Time for an SUV Tax

There is no question that New York City is not viable as we know it without its mass transit system, so the snowballing problems of the Metropolitan Transportation Authority should be of concern to everyone who lives or works in the city, whether or not they are regular users of the system.

Increased funding for NYC Transit (the subsidiary of the MTA that operates the subways and buses within NYC) may not be a sufficient step for improving the system but it is certainly a necessary one. Finding additional funding in an already heavily taxed city will not be easy, however, and already the Governor and Mayor are at war over whose responsibility it is. In addition to each arguing that the other already has money in their budget that can be used to help, Mayor de Blasio has proposed an income tax surcharge on tax filers earning in excess of $500,000, while Governor Cuomo is considering some version of the congestion pricing system originally proposed by Mayor Bloomberg.

When Bloomberg made his push for congestion pricing in 2007, I was working as the Chief Economist for New York City Comptroller William C. Thompson.  The Comptroller is an independently elected citywide official who frequently serves as the chief antagonist of the Mayor, and at that time Bloomberg was maneuvering to have the city’s term limits waived so he could run for a third term.
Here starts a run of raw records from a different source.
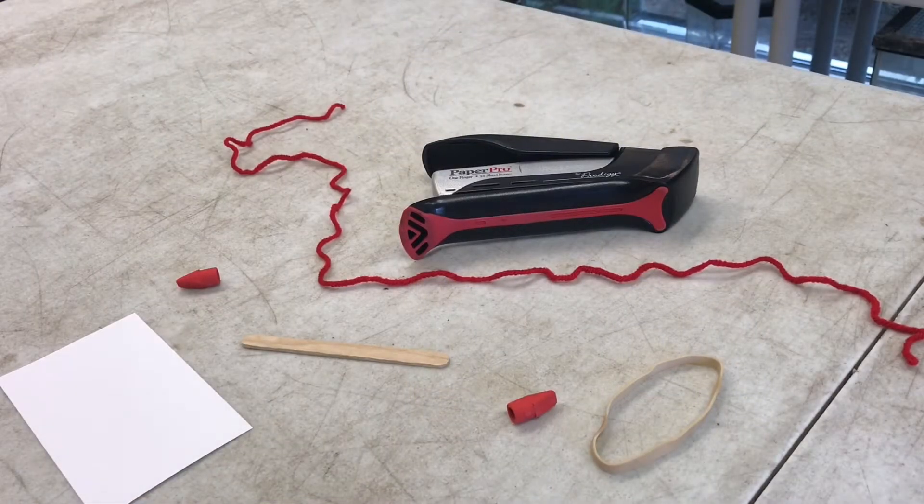Today with this random little assortment of things on the table, I'm going to teach you how to make a bug on a leash. It's a really cool experiment or activity to learn about sound, and it's also just a lot of fun.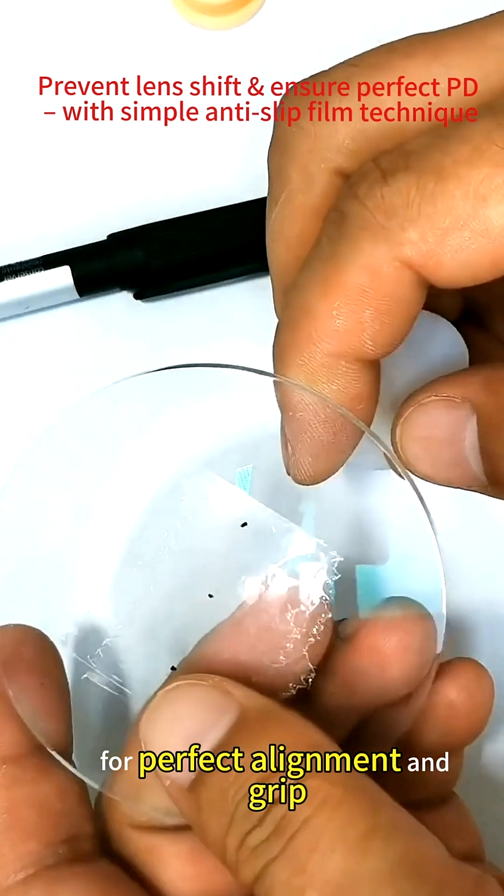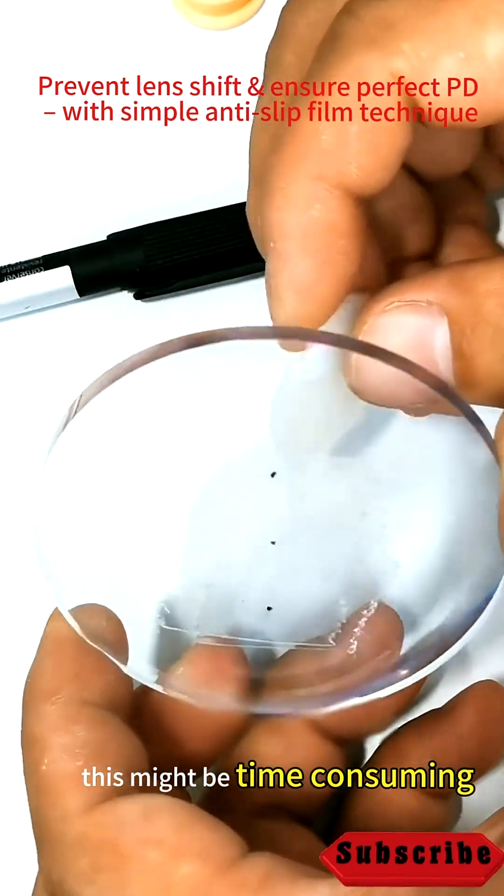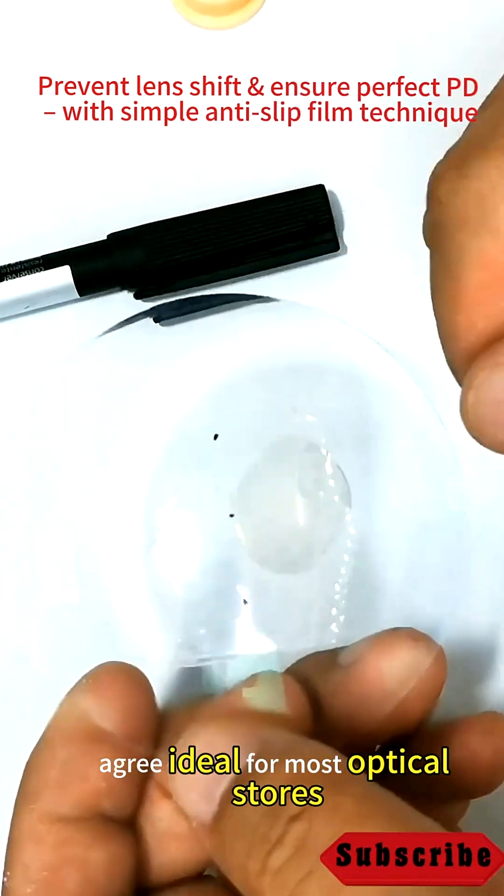For perfect alignment and grip, extra care is needed. If you are mass-producing glasses, this process might be time-consuming — but it's ideal for most optical stores.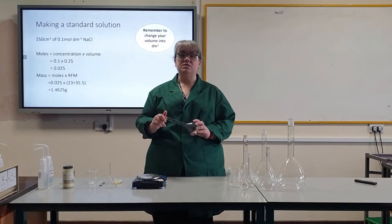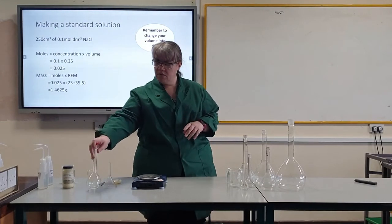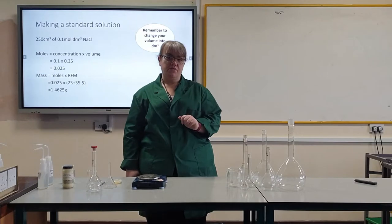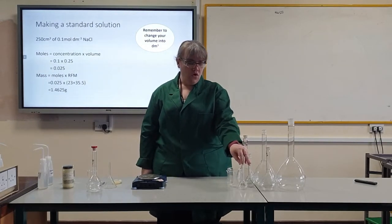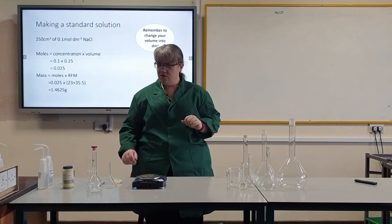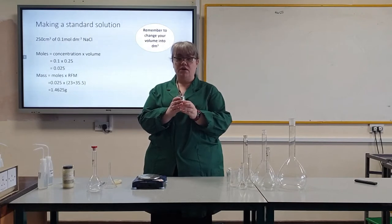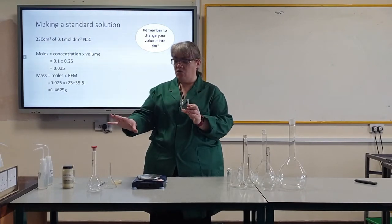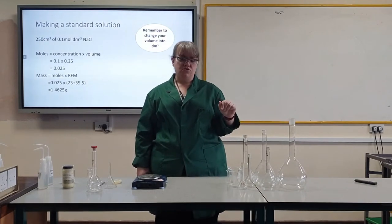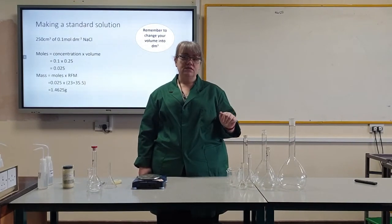I am making 250 centimetres cubed of solution, so I have a 250 centimetres cubed volumetric flask. The volumetric flask must be the volume that you wish to have at the end. Volumetric flasks come in many different sizes — I have a 50 all the way up to a 2 decimetre volumetric flask. When choosing the beaker, use a size appropriate to your flask. I have a 100 centimetres cubed beaker to do my dissolving. When it comes to volumetric flasks, size matters.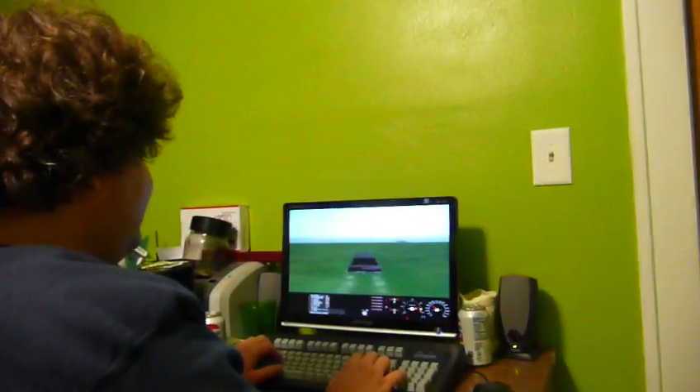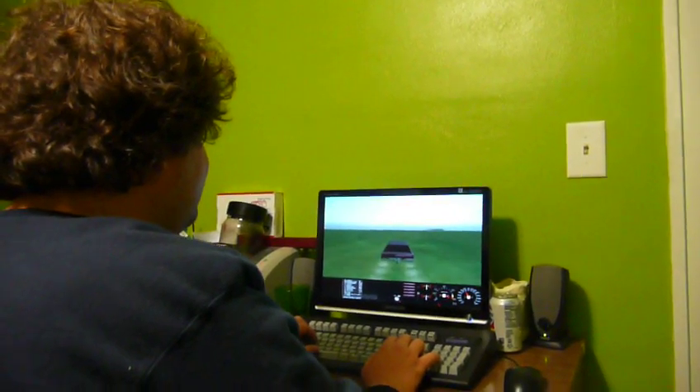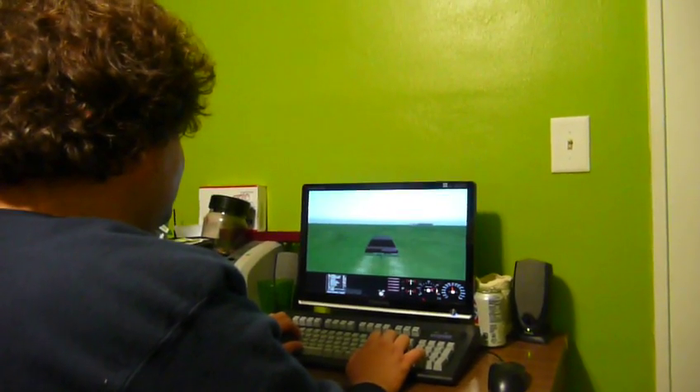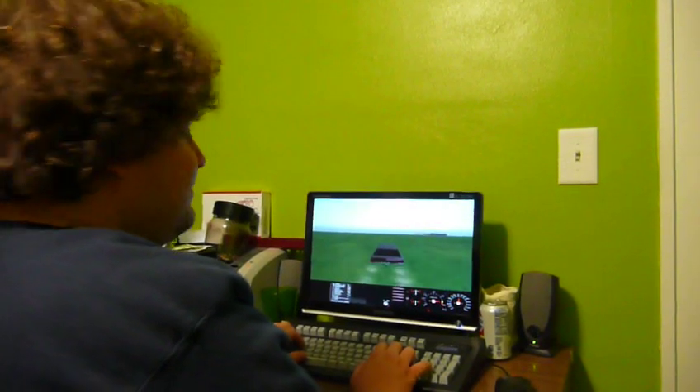Here ladies and gentlemen is the exclusive UXW Bill playing Rigs of Rods, probably getting into trouble in the process. Oh totally man. He is in a Burnside wagon doing what looks to be around 60 — 70 miles an hour.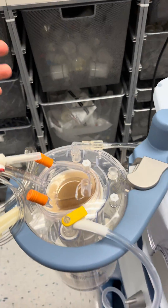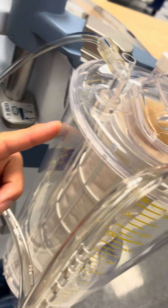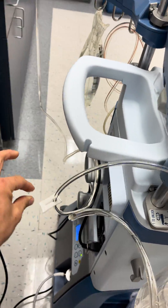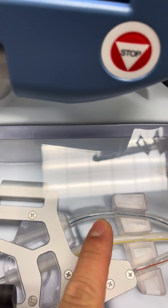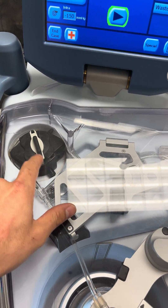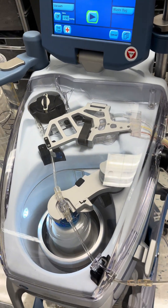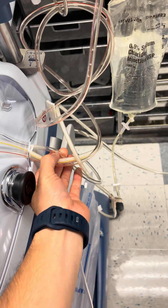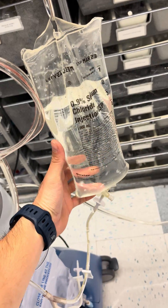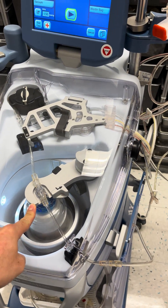To get blood from the reservoir into the Cell Saver, there's this line with a straw that goes down into the fluid. The blue line here runs around the Cell Saver and enters it — the Cell Saver uses a roller pump mechanism to bring fluid from the reservoir into the centrifuge. The yellow line is the wash line: you'd spike a bag of saline with it, and that's what gets used to wash the blood in the bowl.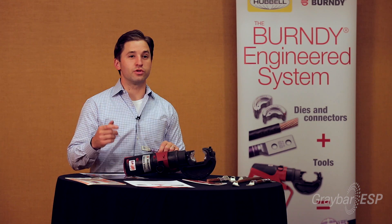For more information, you can contact your local Graybar sales rep or go to graybar.com. Thanks for watching. To learn more about this product, click up here, and to subscribe to the ESP newsletter where you can learn about the latest products and services for contractors and installers, click here or down in the description.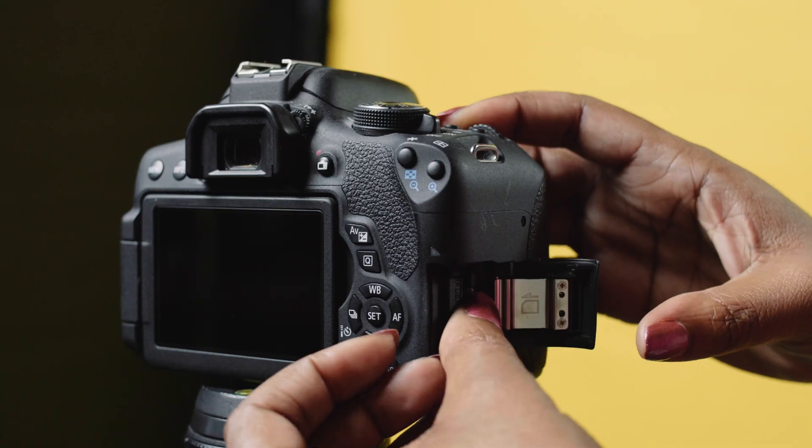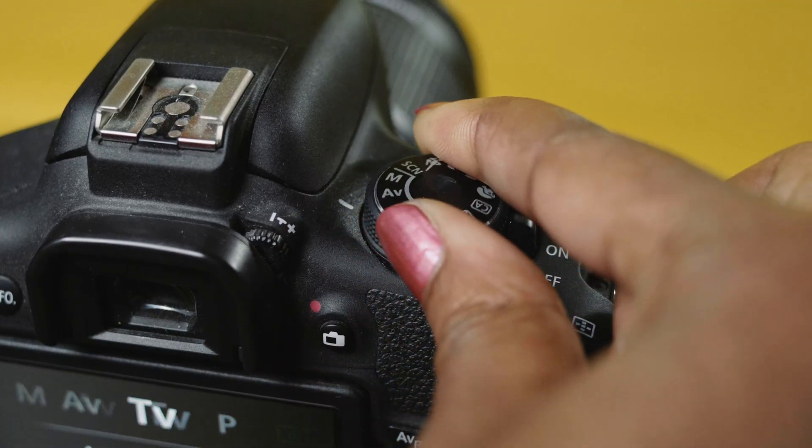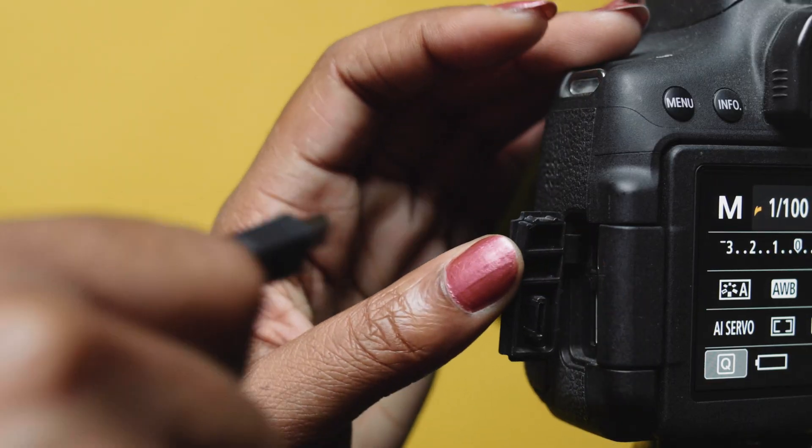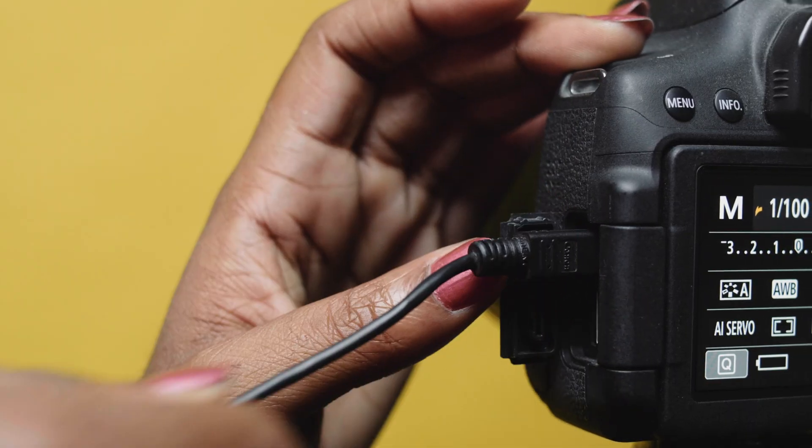To connect your camera, first make sure your camera has a memory card in it and is set to manual mode. Next, connect your iPad to the camera's USB port. We strongly recommend Apple's USB-C to USB adapter if you have a USB-C iPad, or their Lightning to USB 3 camera adapter if you have an iPad with a Lightning port.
Thompson, who was planning to run for Mayor in 2009 all along and now faced the prospect of opposing Bloomberg, was casting about for an alternative to Bloomberg’s proposal. As it happened, I already had drawn up an alternative as a think piece and Thompson was intrigued.  He eventually adopted it as the position of the Comptroller and as a plank in his 2009 and 2013 Mayoral campaigns.

Before describing my proposal I should note that residents of New York’s “outer boroughs” have a deep-seated suspicion of schemes to restrict access to Midtown Manhattan, whether they be in the form of tolls on the East River bridges or the more high-tech congestion pricing plan Bloomberg sought. I share their suspicion. There is, of course, a distributional effect, as a congestion pricing regime would disproportionately charge residents of the outer boroughs in order to improve a subway system that disproportionately serves Manhattan residents. But I think outer borough residents have a more visceral objection as well. Many of them work in Manhattan, study in Manhattan, play in Manhattan, and have family roots in Manhattan. They see Manhattan as the city’s commons, not as a separate borough to which its increasingly wealthy residents should have privileged access. It’s that possessiveness that all New York residents feel toward Manhattan that underlies their hostility to bridge tolls and congestion pricing. It was ultimately outer borough opposition that sunk Bloomberg’s congestion pricing proposal, and that Thompson was seeking to appease.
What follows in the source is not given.